Faced with the loss of their centres community activists have banded together to seek the assets to be transferred to trusts they have established.
City of Lincoln councillors have just agreed that its ownership of the St Giles Community Centre will be transferred, pending funding from the national Youth Investment Fund to Lincolnshire YMCA, which will pay a peppercorn rent for a 25-year tenancy.
Todmorden Community College was transferred to a community benefit society by Calderdale Council in 2021. The transfer came after five years of campaigning, and fundraising by the community to save the building from being bulldozed.
In 2022, Calderdale Council closed Queen’s Road Neighbourhood Centre due to a lack of funds to correct major safety issues. It is now looking for a full community asset transfer of the premises.
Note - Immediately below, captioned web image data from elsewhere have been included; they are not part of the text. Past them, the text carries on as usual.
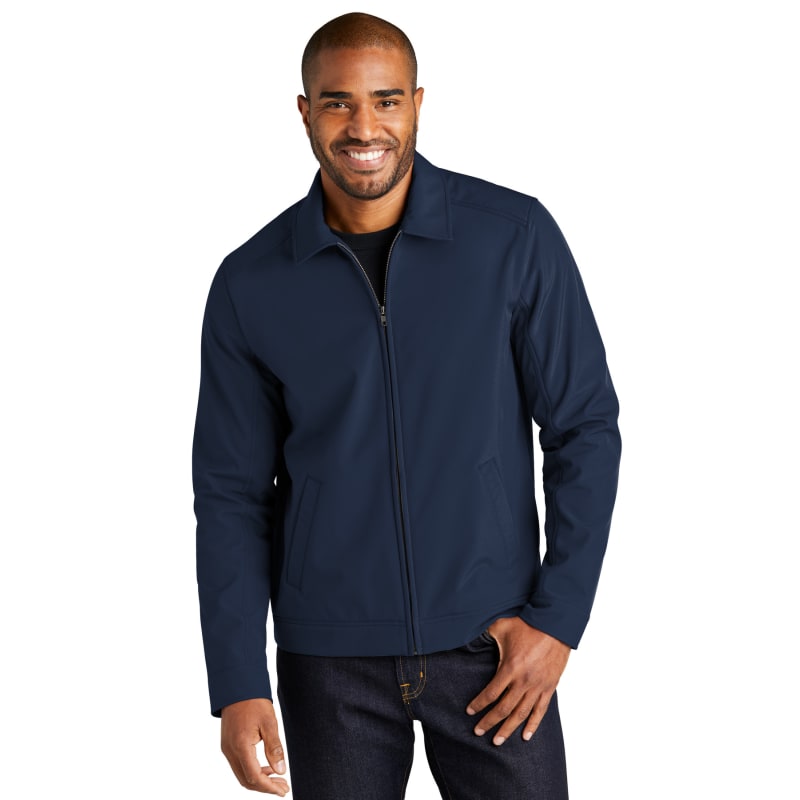 Port Authority Mechanic Soft Shell Jacket 4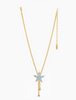 TOVA - Bolo Star Necklace in Nimblu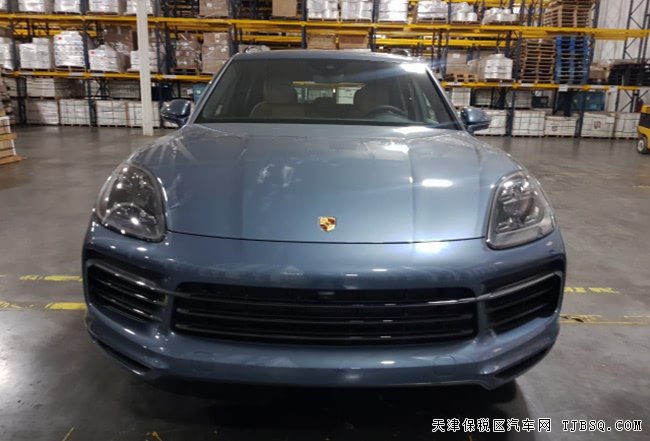 20款保时捷卡宴2.9T墨西哥版 21轮/环影/BOSE现车105万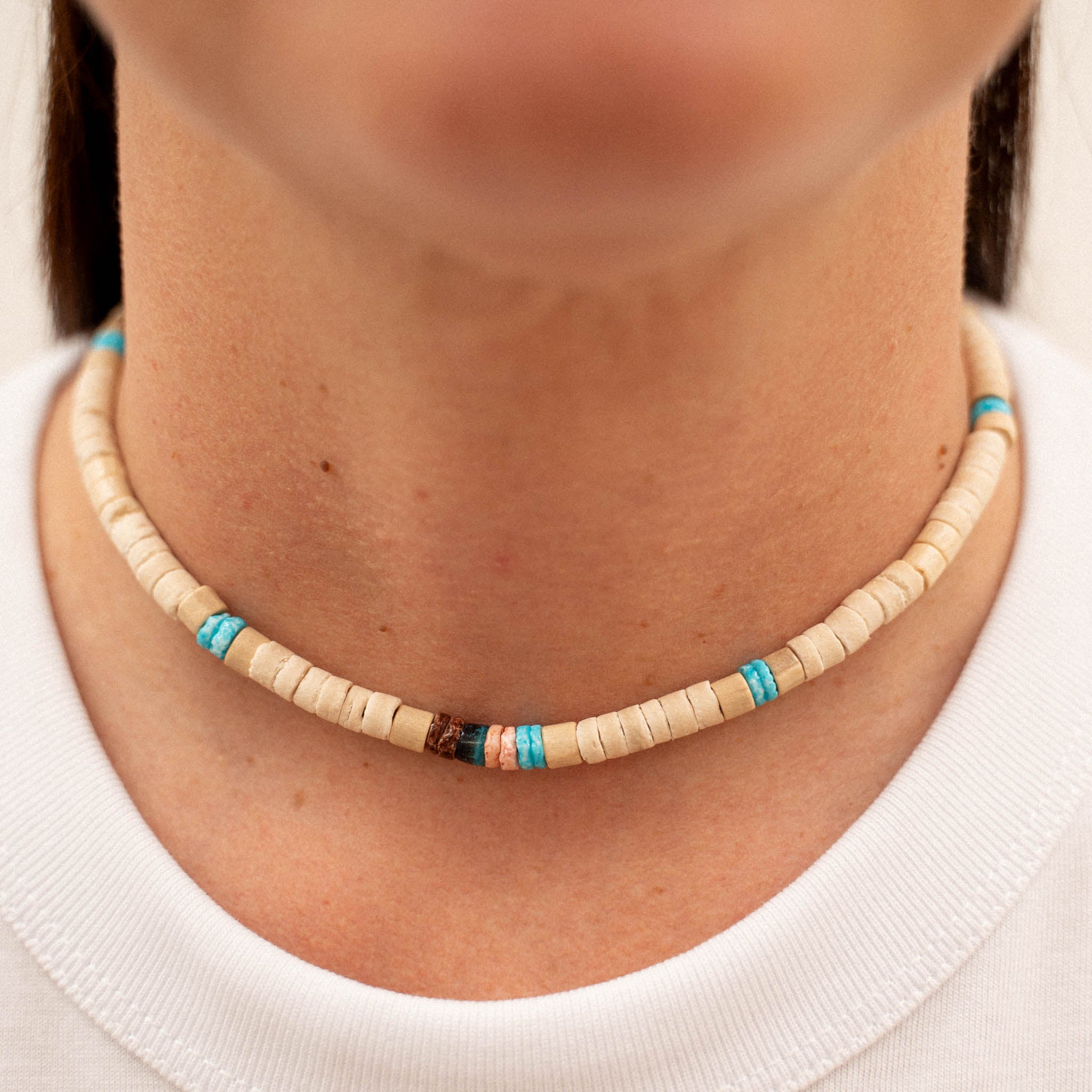 Kirra Surf Bead Necklace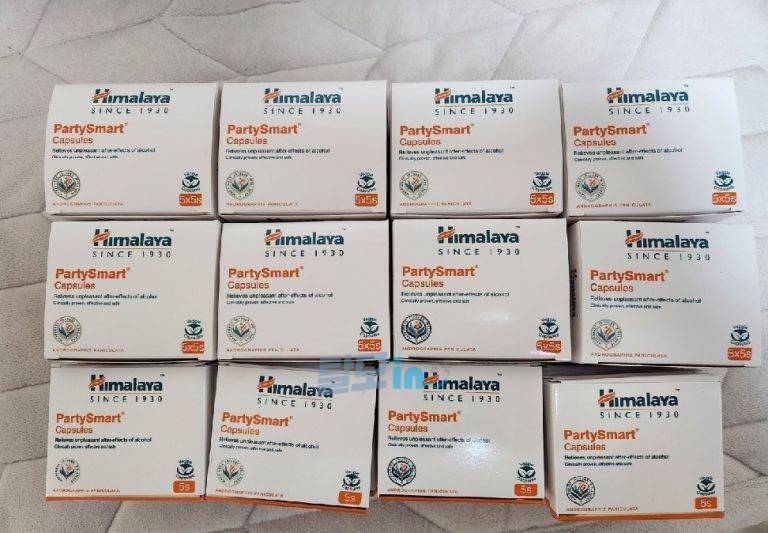 Click to view full screen 히말라야 Liv.52 400정 photo review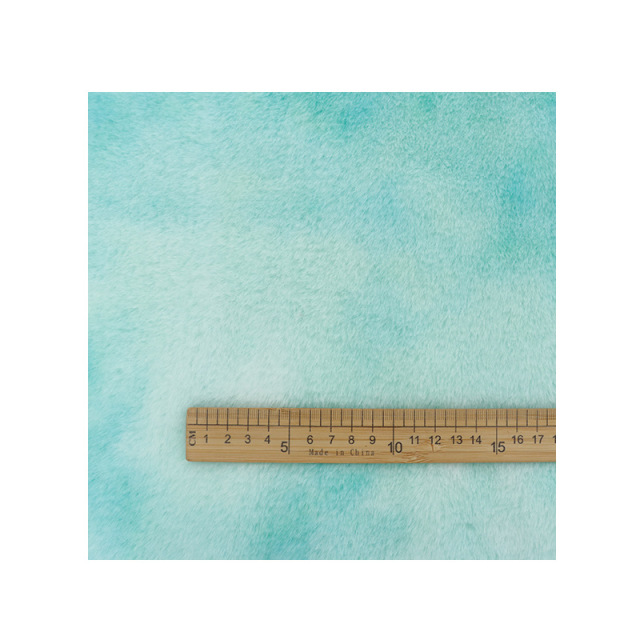 Color dyed faux rabbit fur fabric artificial rabbit fur bunny faux fur synthetic rabbit fur 300GSM Super Soft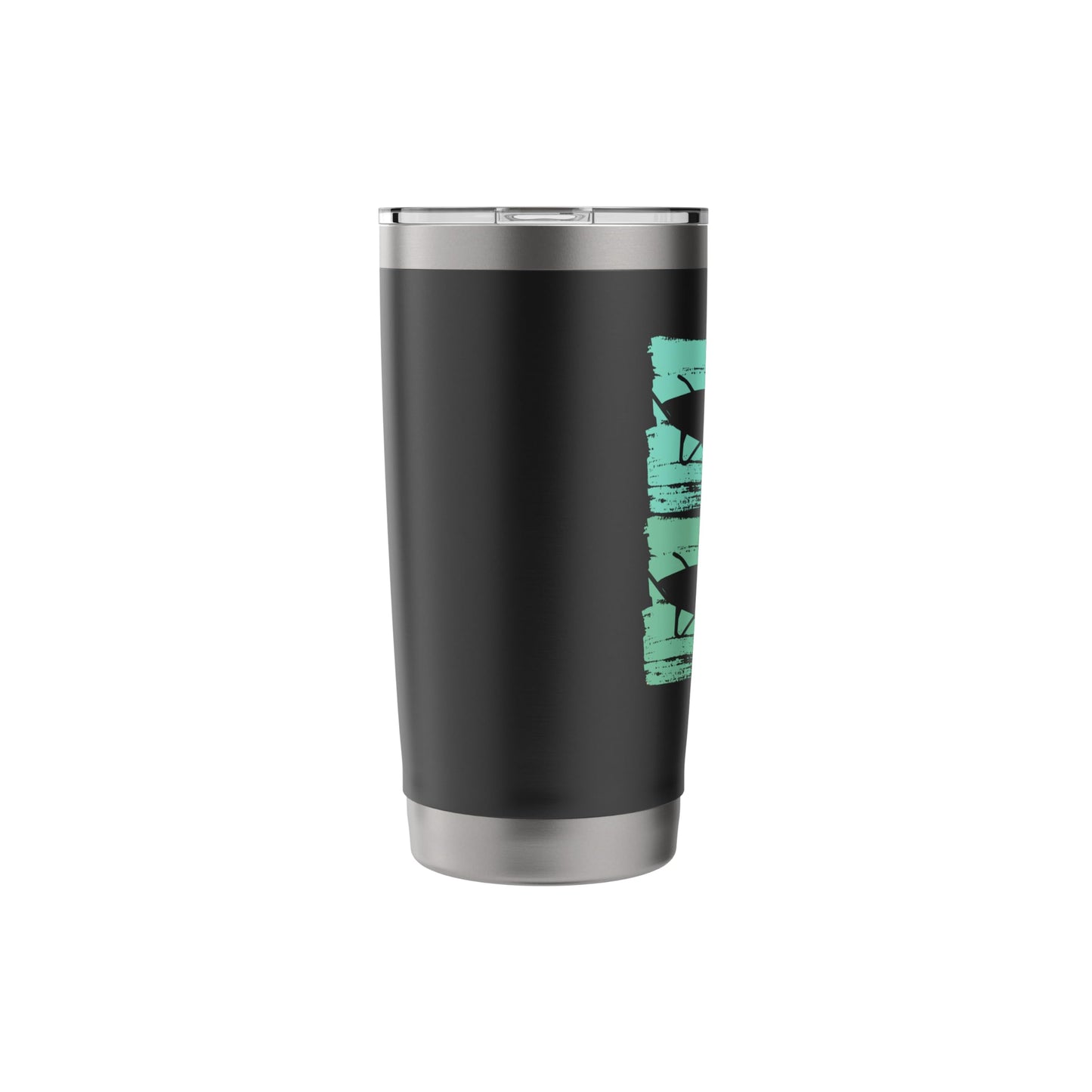 Wheelbarrow Gardener Retro Graphic, Wheelbarrow Stainless Steel Insulated Tumbler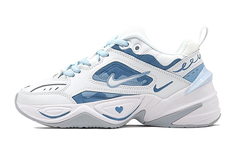Массивные кроссовки Nike M2K унисекс, светло-синий
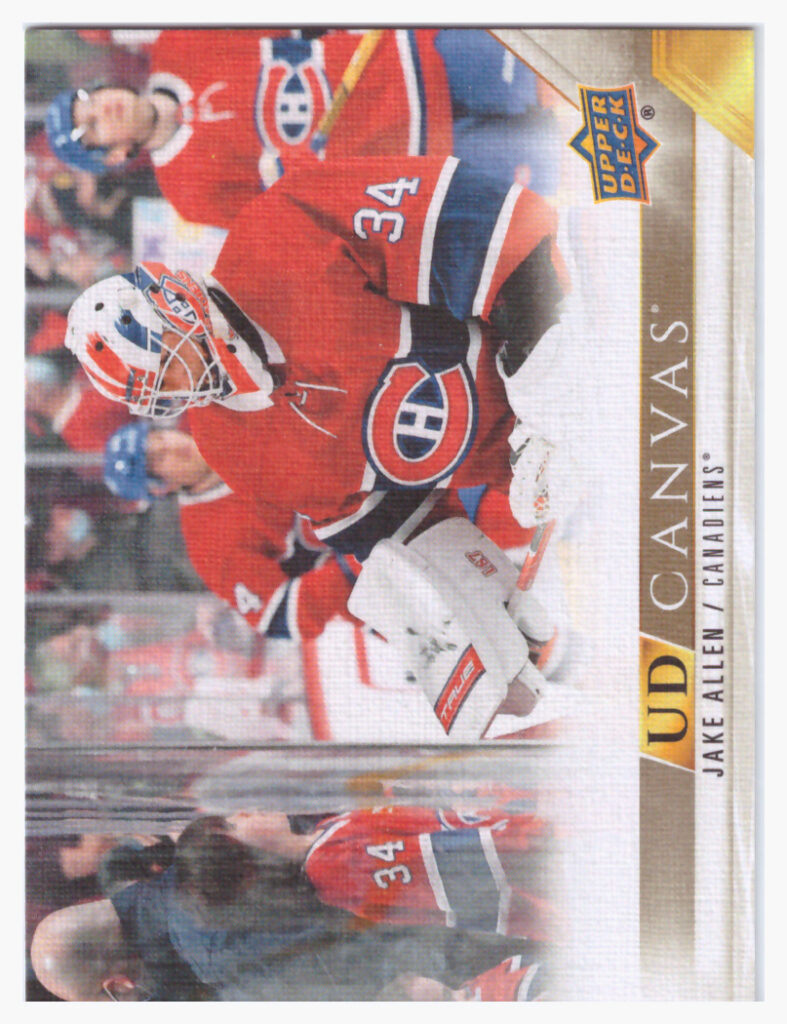 2022/23 Upper Deck Series 1 – J.Allen Mon C42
There is no guarantee this will be successful and meanwhile services such as a youth club no longer exist in a ward of great poverty.
But Nicholls feels there are good reasons to be positive about the future for community centres.
“There was despair when many community centres closed from 2010 to 2015. But in the last 18-24 months the GFTU, because of our shared values, has been trying to rebuild links with community organisations and we have found there is a renaissance taking place.
“Partly this is motivated by desperate circumstances – the need to open buildings to provide places of warmth, recreation and to educate people on social rights. It is being done with less infrastructure and public money. It means new forms of ownership in co-operatives and using crowdfunding, with workers digging deep into their own pockets to provide vibrant community facilities.”
Nicholls points out that this is how community centres began. Mechanics institutes emerged from the 1820s and were possibly the first of what we might today term community centres.
Later, churches understood people had more leisure time and, partly to provide an alternative to the public house, built halls. In 1919 the National Council of Social Service (NCVO today) was established to bring voluntary bodies together to work closely with government and many village halls were built, especially in declining rural communities.
Social centres were then built on post-war estates such as Quarry Hill in Leeds and in 1955 the Ministry of Education began a national grant scheme for building more halls. From the 1970s, community centres became increasingly reliant on local authorities for support.
Returning to their independent roots is a strength, Nicholls believes.
“People can exercise their own sense of worth and dignity and can fight for themselves without being in anyone’s pockets and, without having to obey the dictates of the funders, they can do what needs doing locally.”